The main reason for this is that a command like that would be dangerous to any local work that you’ve done on a local branch that you haven’t pushed up yet. After all, local branches are usually the beginning of new work on a repository and remote branches are considered already distributed across clones of the repository. It should be easy to delete these remote branches locally, but deleting local branches based on the non-existence of a remote branch is a tricky thing to do that could potentially cause you to lose your local work.

So let’s build something

So even though it doesn’t ship with Git, you can pipe together various commands to get Git to do this local branch pruning based on what remote branches don’t exist on the repository but do exist in your local repository.


git branch -r | \
  awk '{print $1}' | \
  egrep -v -f /dev/fd/0 <(git branch -vv | grep origin) | \
  awk '{print $1}' | \
  xargs git branch -d

Breaking down the Bash

Now there’s quite a lot to this command. I’ve broken it down into multiple lines for legibility, but it is still running 7 separate commands in two separate shells. It’s a lot, so I’m going to break it down further.

Fetch remote branches

This command gets all the remote branches from all your remotes. For the sake of these examples, let’s assume the remote is name origin as that’s the default.


git branch --remote

Get the first column of output

This command leverages awk to print out the first column of output from the previous command. In this case, it outputs the names of all the remote branches with origin/ in front of them. e.g. origin/main.

awk '{print $1}'

Grep the remote branch list for local branch names

This command leverages egrep with flags of -v and -f. The -v, --invert-match flag is used to exclude any remote branches from the list of local branches. The list of local branches is being redirected into a file called /dev/fd/0. The explanation of this is a bit out-of-scope for this post, but essentially it’s allowing egrep to read from STDIN.

This command outputs an inverted match of remote branches comparing them to a list of your local branches. Because the match is inverted, it means that the names of the branches that are matched locally don’t exist in the list of remote branches.


egrep -v -f /dev/fd/0 <(git branch -vv | grep origin)

Get the first column of output again

This command leverages awk to print out the first column of output from the previous command. In this case, it outputs the full-name of the local branch.

awk '{print $1}'

Leverage xargs to run git commands

This command leverages xargs which takes a string that’s broken up by delimiters such as spaces or newlines and runs the command passed into it. This command runs the git branch --delete on the output of the previous command which is a newline delimited string of all the local branches that don’t exist on the remote repository.


xargs git branch --delete

Automating and aliasing

So I don’t like to have to remember all these steps when running this locally.

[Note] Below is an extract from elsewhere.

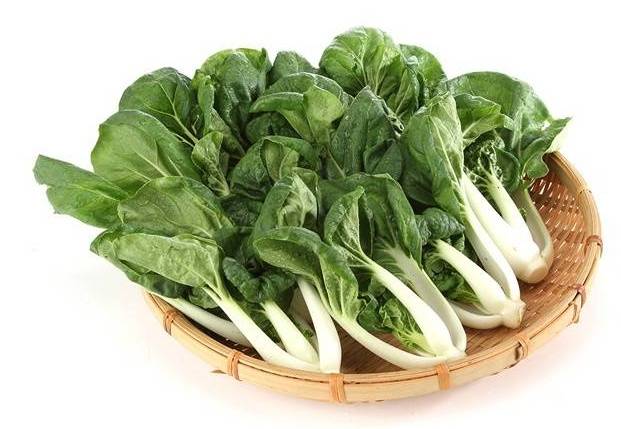 奶油小白菜Creamed cabbage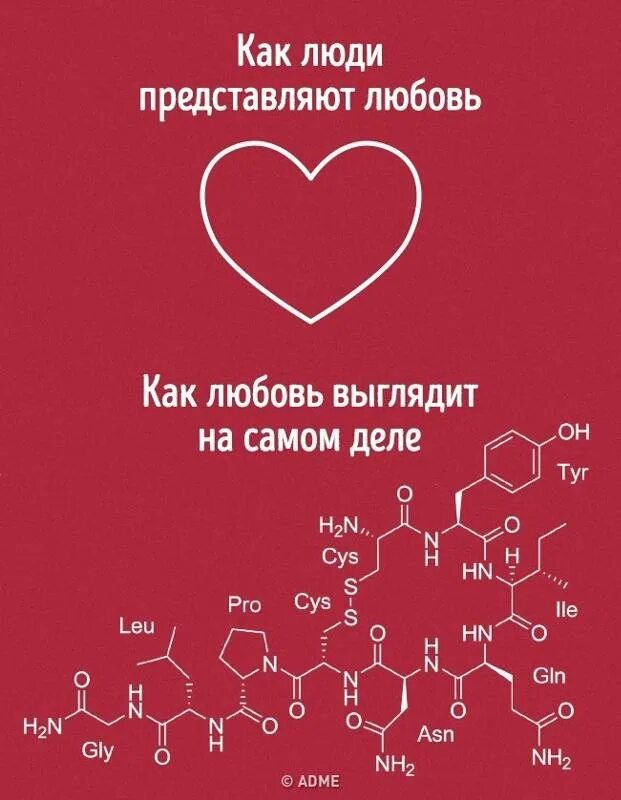 Как будет выглядеть моя любовь Shaman поцеловал Мизулину Газета.Ru Новости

There’s quite a few things you’d need to remember such as pruning the remote branches first, then running the 7 commands in the right order and piping the output of one into the next.

To make this easier, let’s create a named function which takes an argument of the remote name for your Git repository and iterates through all the steps I previously mentioned. It looks like this.


limpia-git() {
  remote_name="${1:-origin}"
  if [ -d $(pwd)/.git ]
  then
    git remote prune $remote_name

    git branch -r | \
    awk '{print $1}' | \
    egrep -v -f /dev/fd/0 <(git branch -vv | grep ${remote_name}) | \
    awk '{print $1}' | \
    xargs git branch -d

  else
    echo "There's not \".git/\" directory in \"$(pwd)\"."
  fi
}

Finally with all this setup in a file that you source into your shell session, you can simply run limpia-git or limpia-git origin and have it clean up all your stale local and remote branches. And because of the egrep matching and the git remote prune ${remote_name} commands, this is a no-op when there aren’t branches to delete or stale local branches to delete.

Also, to be extra careful, the git branch --delete command will check if your commits have been merged into the HEAD of any of your remote branches and won’t delete local branches that aren’t merged yet. You can remove this safety net by changing the command to git branch --delete --force.